Graph-store indexes require:

  • Amazon Neptune Analytics - Graph database with native vector search support
  • Amazon Bedrock - Embedding model for generating vectors
  • Amazon S3 - Storage for embedding data during bulk loading

To use graph-store indexes with Neptune Analytics, you need:

{
"Version": "2012-10-17",
"Statement": [
{
"Effect": "Allow",
"Action": [
"neptune-graph:ReadDataViaQuery",
"neptune-graph:GetGraph"
],
"Resource": "arn:aws:neptune-graph:<region>:<account-id>:graph/<graph-id>"
},
{
"Effect": "Allow",
"Action": [
"bedrock:InvokeModel"
],
"Resource": "arn:aws:bedrock:<region>::foundation-model/*"
},
{
"Effect": "Allow",
"Action": [
"s3:PutObject",
"s3:GetObject"
],
"Resource": "arn:aws:s3:::<bucket-name>/*"
}
]
}

NOTE: Replace <region>, <account-id>, <graph-id>, and <bucket-name> with your specific values.

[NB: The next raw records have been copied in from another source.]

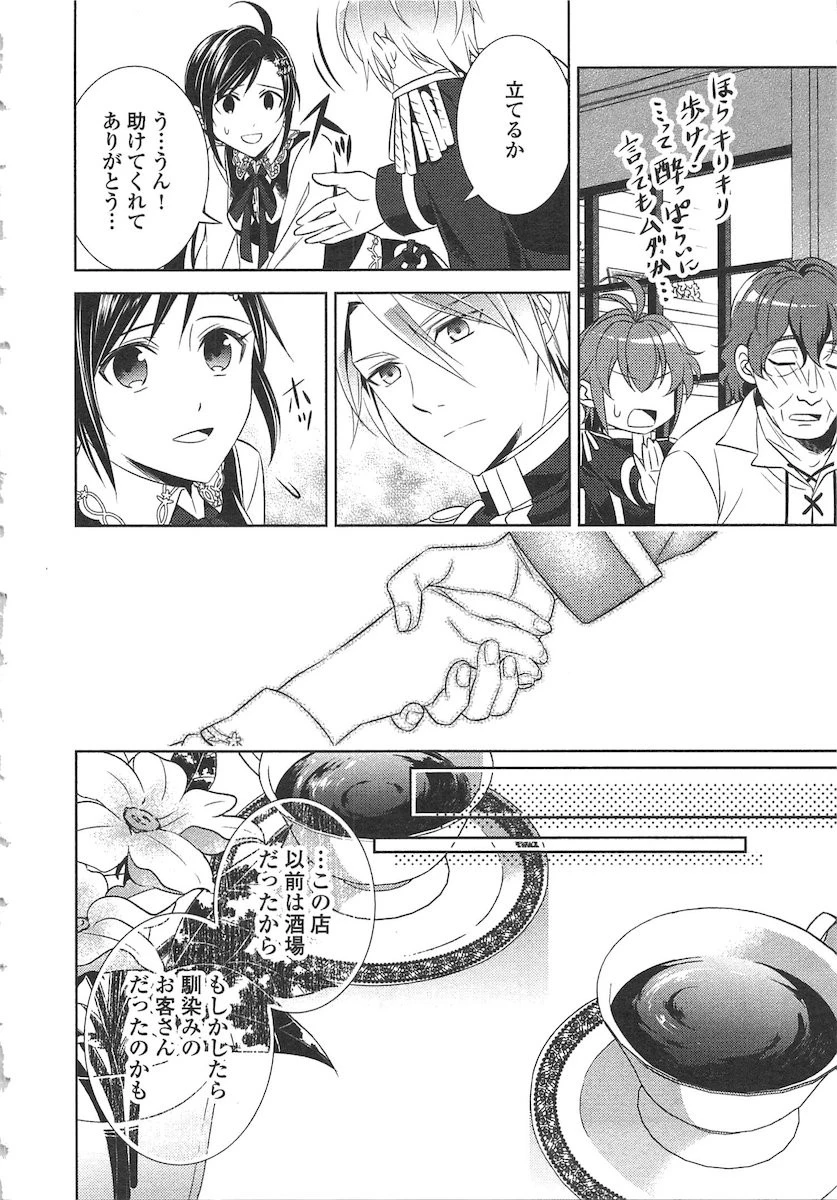 異世界でカフェを開店しました。 第5話 - 8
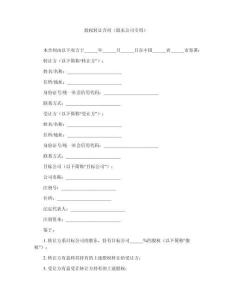 股權(quán)轉(zhuǎn)讓合同（股東公司專用）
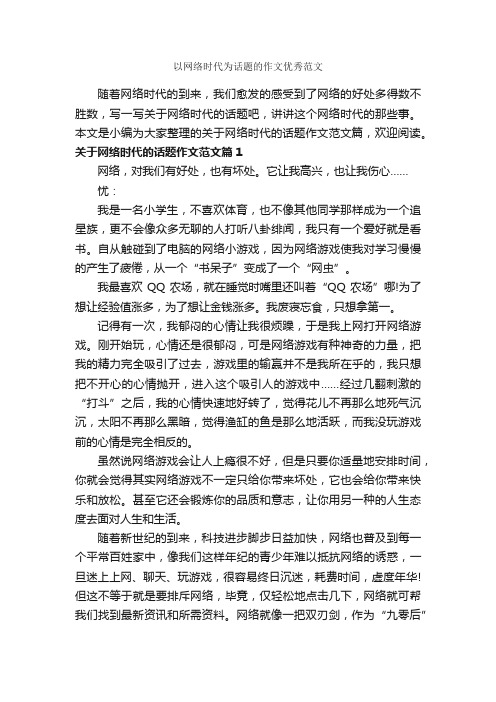 以网络时代为话题的作文优秀范文_作文900字_关于网络的作文_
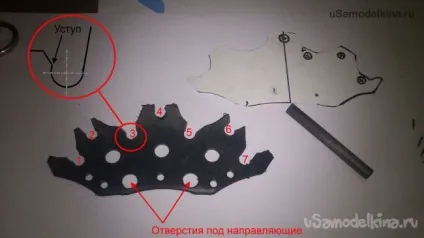 Ківер для лука своїми руками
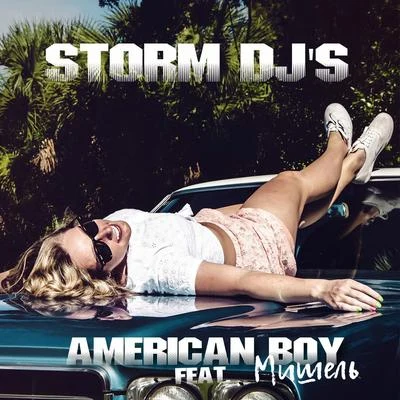 American Boy 專輯 DJ A-Boogie/DJ Darien/Dj Fire/DJ Raz/DJ Rock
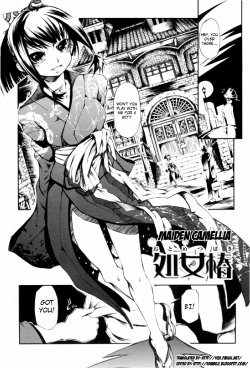 [Maybe] Otometsubaki | Maiden Camellia [English] [YQII] [Decensored]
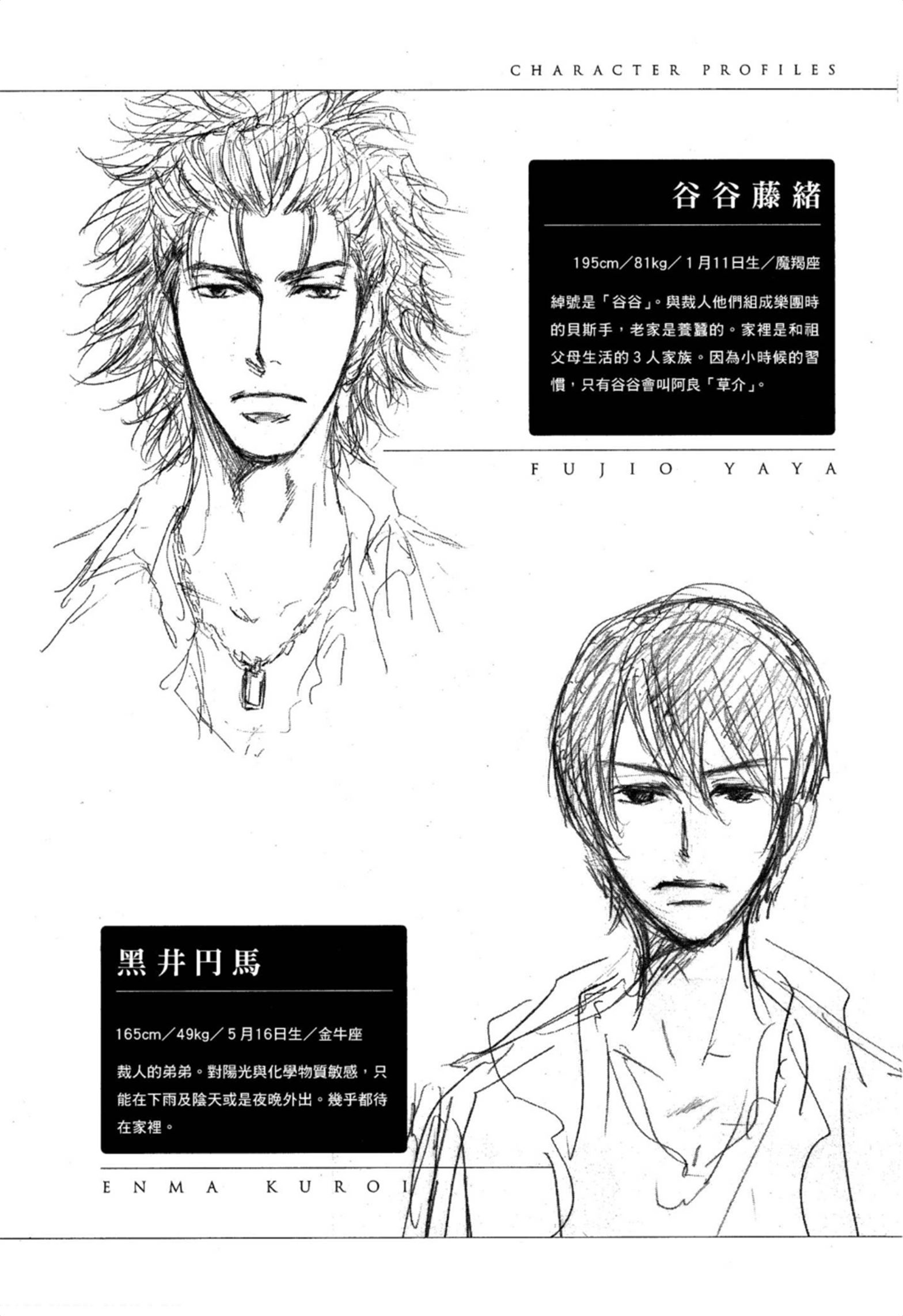 《花鸟风月（单行本版）》漫画 第二卷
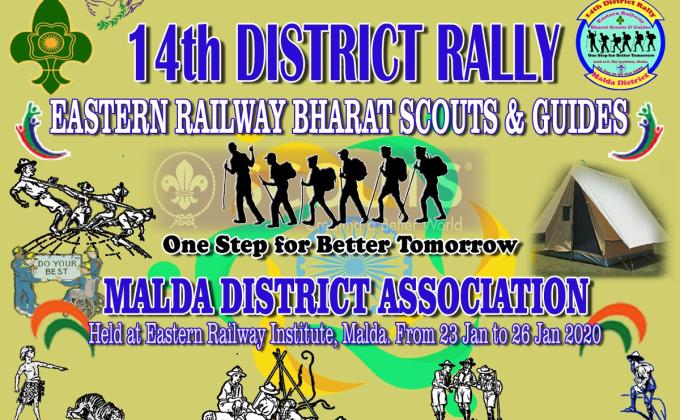 14th District Rally by E.Rly/ Malda/India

Configure a Neptune Analytics graph-store index:

from graphrag_toolkit.byokg_rag.graphstore import NeptuneAnalyticsGraphStore
from graphrag_toolkit.byokg_rag.indexing import NeptuneAnalyticsGraphStoreIndex, LangChainEmbedding
from langchain_aws import BedrockEmbeddings
# Set up graph store
graph_store = NeptuneAnalyticsGraphStore(
graph_identifier="<graph-id>",
region="<region>"
)
# Set up embedding model
bedrock_embeddings = BedrockEmbeddings(
model_id="amazon.titan-embed-text-v2:0",
region_name="<region>"
)
embedding = LangChainEmbedding(bedrock_embeddings)
# Create graph-store index
graph_index = NeptuneAnalyticsGraphStoreIndex(
graphstore=graph_store,
embedding=embedding,
distance_type="l2",
embedding_s3_save_path="s3://<bucket-name>/embeddings/"
)
# Query the index
results = graph_index.query("physicist who developed relativity", topk=3)

Parameters:

  • graphstore - NeptuneAnalyticsGraphStore instance
  • embedding - Embedding instance for generating vectors
  • distance_type - Distance metric for similarity (“l2” or “cosine”)
  • embedding_s3_save_path - S3 path for storing embeddings during bulk operations

Choose the appropriate index type based on your requirements:

Index TypeBest ForProsCons
Dense IndexSemantic matching, paraphrases, synonymsCaptures meaning, handles varied wordingRequires embedding model, higher latency
Fuzzy String IndexTypos, abbreviations, exact name variationsFast, no external dependenciesLimited to string similarity, no semantic understanding
Graph Store IndexNeptune Analytics deployments, unified storageNo separate index infrastructure, integrated with graphRequires Neptune Analytics, S3 for bulk loading

Recommendations:

  • Use fuzzy string index as the default for most applications. It provides good performance with minimal setup.
  • Add dense index when queries use varied terminology or when entity labels are inconsistent.
  • Use graph-store index when deploying on Neptune Analytics to simplify infrastructure.
  • Combine multiple indexes for comprehensive coverage. The entity linker can use multiple indexes in sequence.

TIP: Start with fuzzy string matching and add semantic indexes only if you observe poor entity linking performance in testing.